I wonder sometimes how different perspectives on World War II must be today for people who have grown up another generation or two removed from it. With that essence from several decades ago faded, for the most part, to the reminiscences of a rapidly dwindling cohort of the elderly and lessons perhaps indifferently learned in school, how much harder must it be for these post-postwar generations to remain mindful of the things it is essential for them to remember if a repetition of such horror is to be avoided in the future?
In this issue of Public Opinion Pros, we begin a three-part series that offers, by means of a remarkable survey, a glimpse into the perspectives of people in seven nations on a uniquely horrifying chapter of World War II—indeed, of human history. The Memory of the Holocaust Study was designed and commissioned by the American Jewish Committee and conducted in 2005. Its purpose, as series author Tom W. Smith tells us, was “to gauge the state of anti-Jewish and anti-Israeli attitudes in the contemporary world and how those attitudes are related to people’s knowledge about the Holocaust.”
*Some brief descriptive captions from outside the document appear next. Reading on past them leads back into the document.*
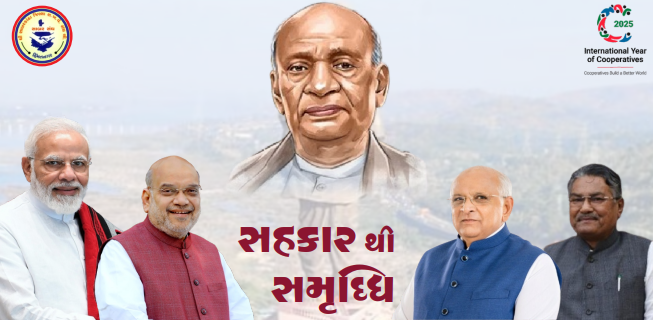 સરકારી યોજનાઓ હેઠળની સેવાઓ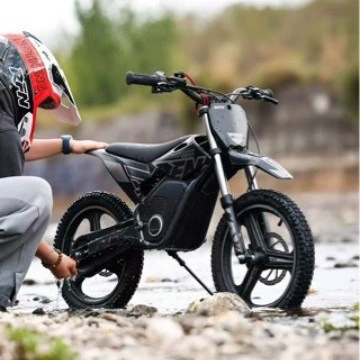 Negotiable wholesale Apollo RFN Elektrikli motosikletlər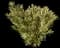 Red Oleander — design image 6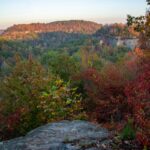 green and brown trees on mountain during daytime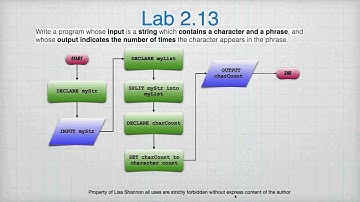 SNHU IT-140 Module 1 Lab Review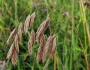 Bromus kalmii image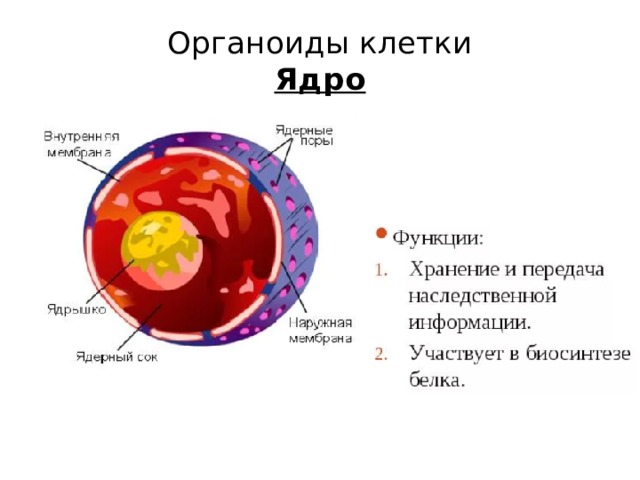 Органоиды клетки  Ядро 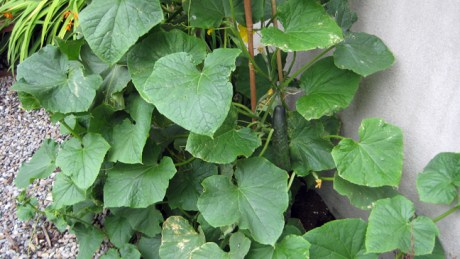 Alexandra Terrace, Dublin, Ireland, July 2014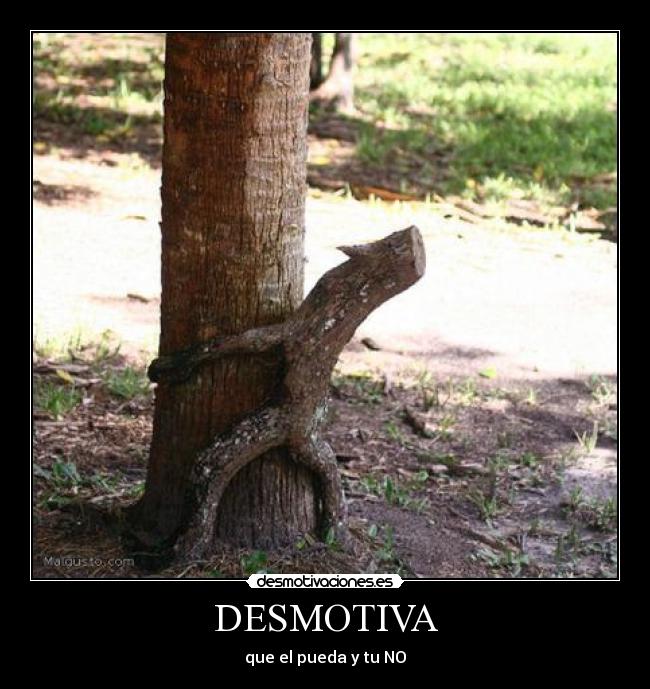 DESMOTIVA - 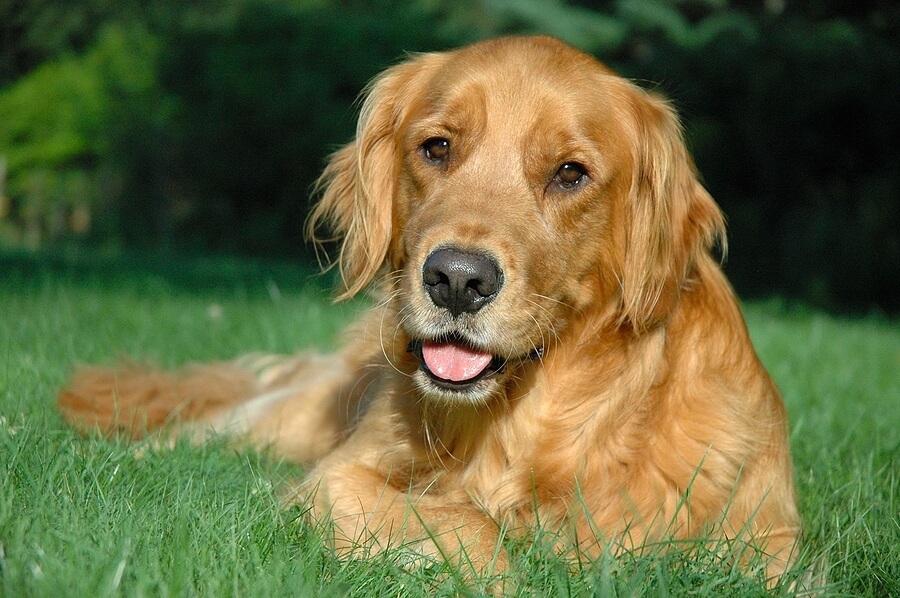 Golden Retriever laying in grass looking at camera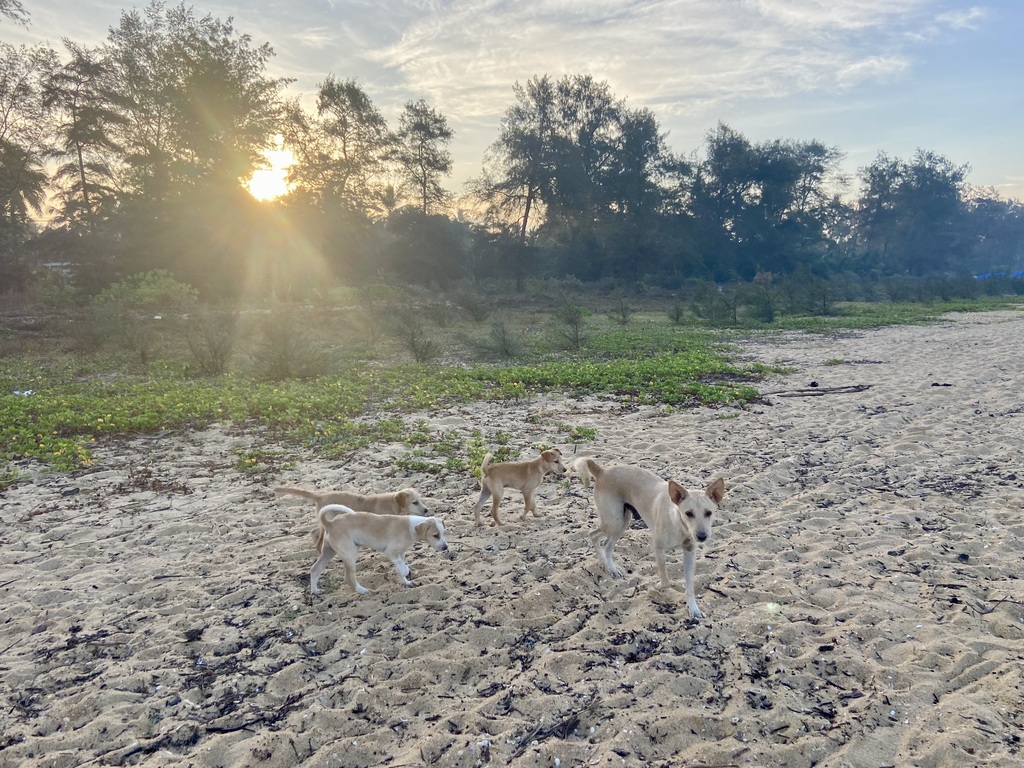 travel diary
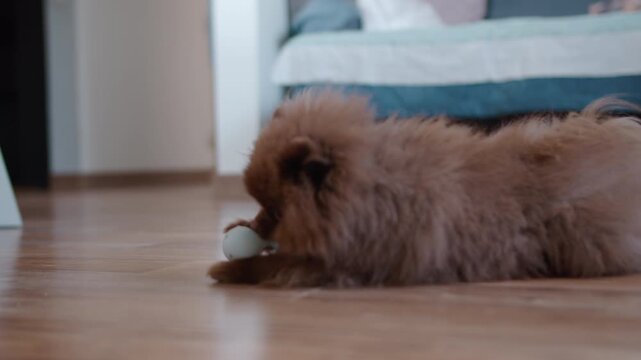 Brown pomeranian dog lying with toy on wooden floor at home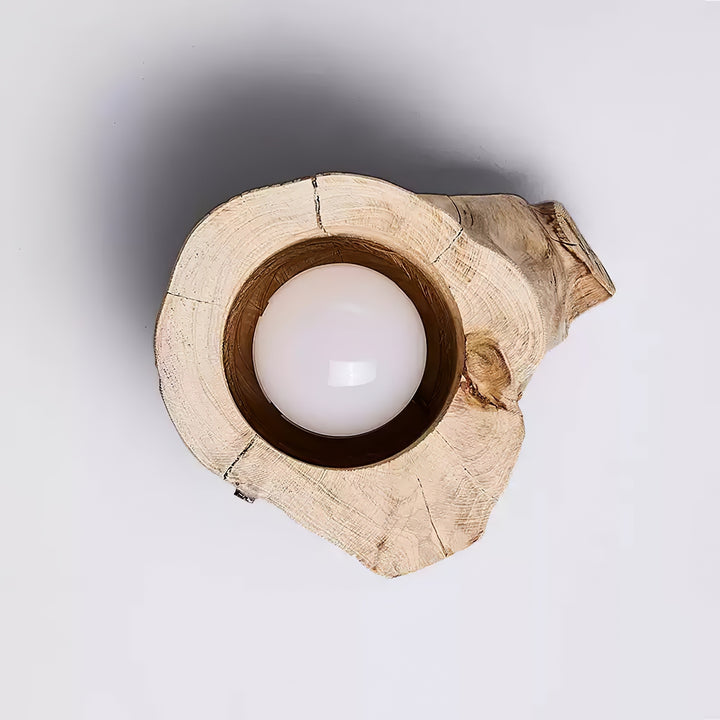 Tarn Hollow Ceiing Lamp - Vakkerlight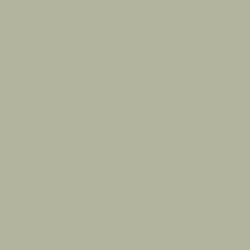 #B3B49D - Heathered Gray Color Image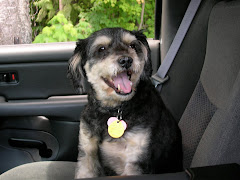 Dog who lives for car/truck rides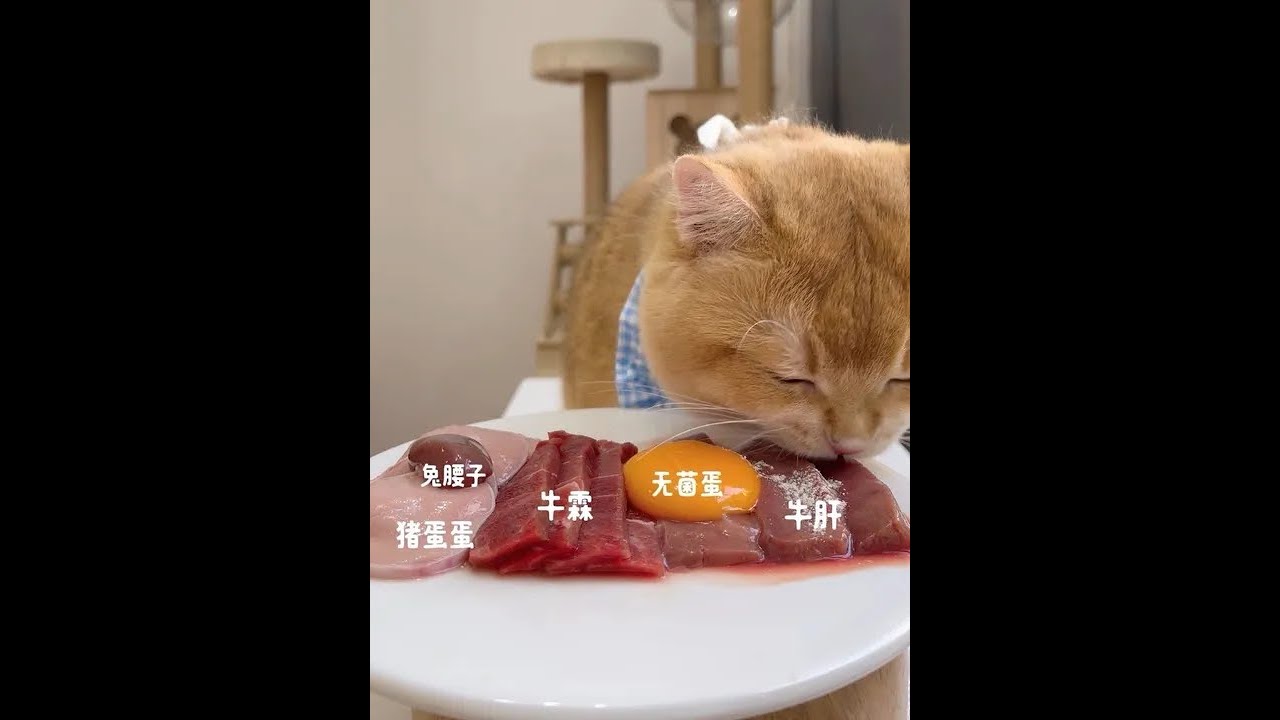 Electronic choy sum is here! Cute cat mellow pet cat all things lovely plan cat eating broadcast pet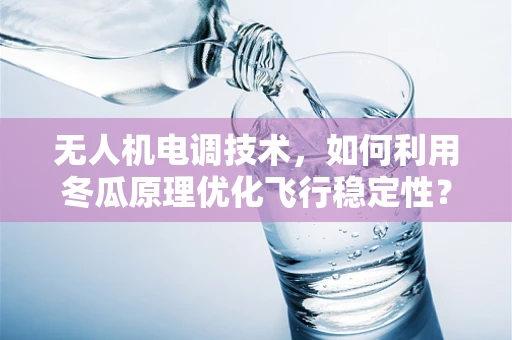 无人机电调技术，如何利用冬瓜原理优化飞行稳定性？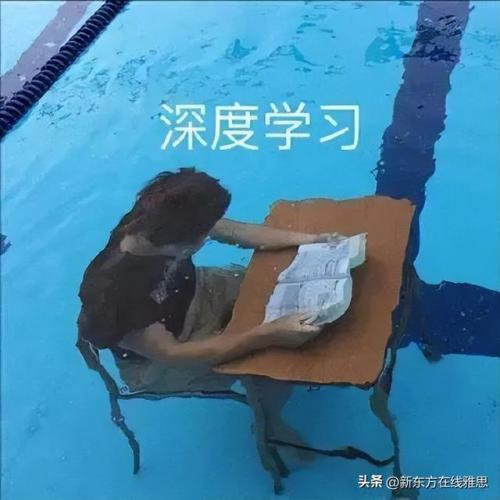 英语语法书权威排行榜(国内最好的英语语法书)插图12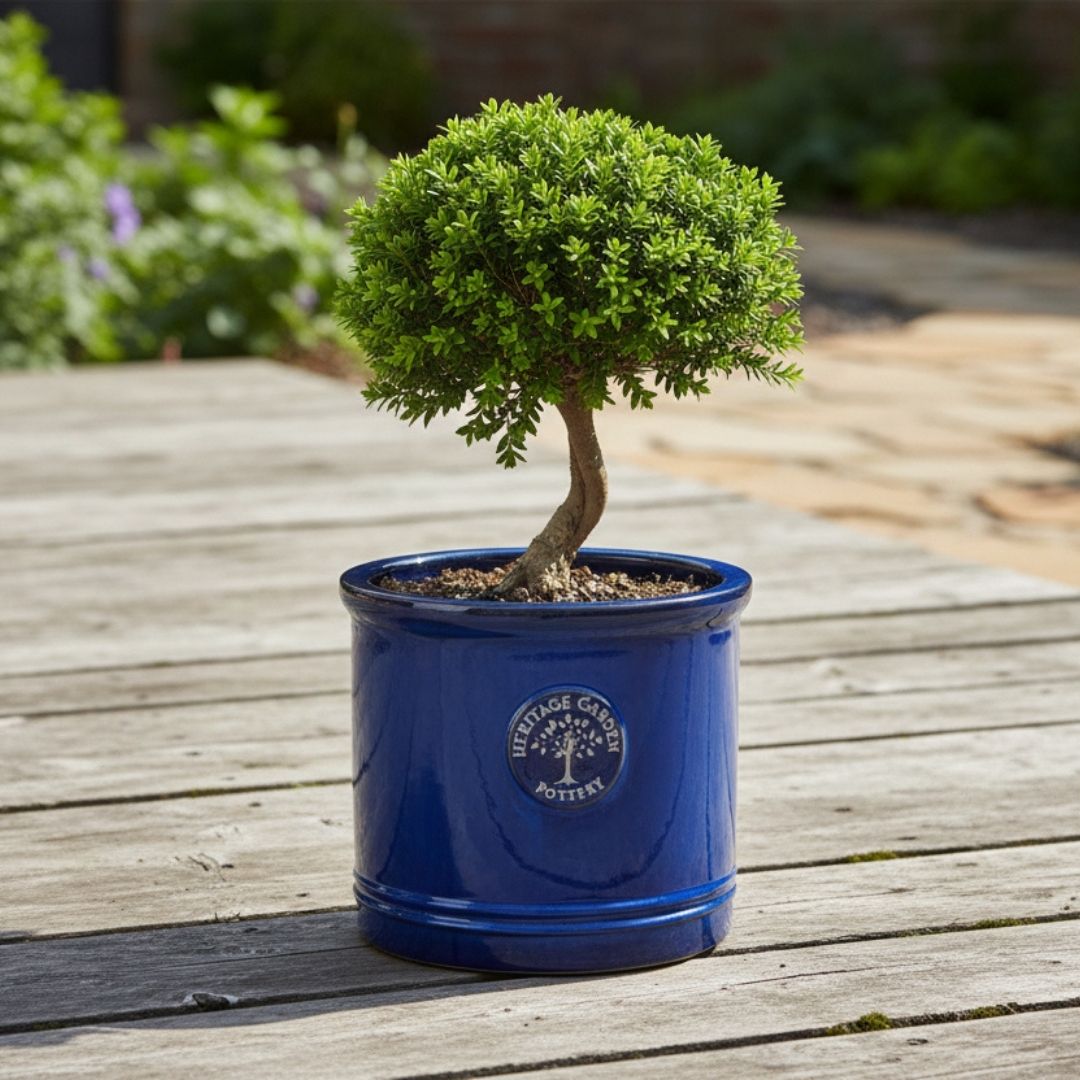 Heritage Cylinder Pot Blue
This survey yielded a massive amount of data, much of which Smith presents here, along with his analysis of the relationships among variables and the differences in results for various demographic groups. Smith’s prose is spare and straightforward, the data unembellished. There are more tables and graphs than have probably been included in any previous POP article, because these are numbers with a lot to say. "Knowledge about the Holocaust," writes Smith, "leads people to see it as important." The Memory of the Holocaust Study is important in that it attempts to measure this knowledge in people who now see it as history rather than something that happened not too long ago.
Much of the rest of our issue focuses on a single theme: public confidence in governmental and social institutions. Richard Seltzer and Rhea Roper-Nedd pull together twenty years’ worth of trend data from a variety of sources to find out what has been happening to Americans’ confidence in our institutions since Seymour Martin Lipset and William Schneider wrote about a “confidence gap” in 1987. Craig Cummings and Robert Y. Shapiro describe a novel experiment in survey design used to determine to what extent Americans follow the lead of the Supreme Court on a number of issues. And, in a slight detour from the everyday to the rather colorful, Juan Díez-Nicolás examines Spaniards' attitudes toward King Juan Carlos, and how they feel the historic institution of their monarchy measures up against the more prosaic components of the establishment in Spain.
Finally, Kenneth Sherrill ponders the effect of Oscar-winning movie Brokeback Mountain on public attitudes toward same-sex relationships and the rights of LGBT people—a thoughtful and speculative piece that brings us back, once again, to the question of perspectives, and how cultural influences can shape our views of the world.